The protocol itself includes three main sections: (1) Overview, (2) Design Concepts, and (3) Details (the first letters spell ODD).

The Overview is supposed to describe the overall purpose of the model. It contains three subsections: (a) Purpose - why was the model built?, (b) State variables and scales - What kinds of entities exist and how are they described?, and (c) Process overview and scheduling - What actions happen when?

Design concepts is supposed to discuss the more abstract concepts that are relevant to ABM that the model embodies. Typically it includes a number of common features, such as: Emergence - what system-level phenomena emerge from agents?, Adaptation - do the agents adapt to the environment?, Fitness - is their a notion of better individuals?, Prediction - do individuals predict he future before taking actions?, Sensing - what do individuals know about their environment?, Interaction - how does one agent interact with another?, Stochasticity - Are there any nondeterministic components?, Collectives - are individuals grouped at all?, and Observation - what is examined about the model?

Details section is supposed to describe the lowest level details necessary to replicate the model.
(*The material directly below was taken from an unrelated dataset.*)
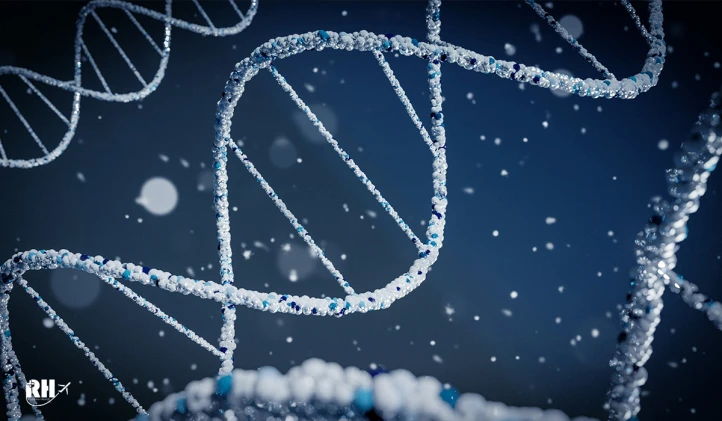 DNA نوزاد از چه کسانی خواهد بود؟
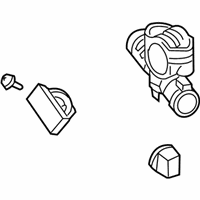 Mazda Tribute Ignition Lock Cylinder - EC03-66-15XA Ignition Lock Cylinder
It contains three main sections: (a) initilization - what is the state of the model in the beginning?, (b) input- what are the inputs to the model, (c) submodels - any of the models listed in the process overview are described in-depth.

It should be noted that these are not meant to all be text, but rather they are to be supplemented with diagrams, math, and pseudocode when appropriate.

TRACE is a follow-on in some ways to the ODD Protocol that seeks to build a comprehensive description of a model that is going to be used for decision support (not necessarily an ABM).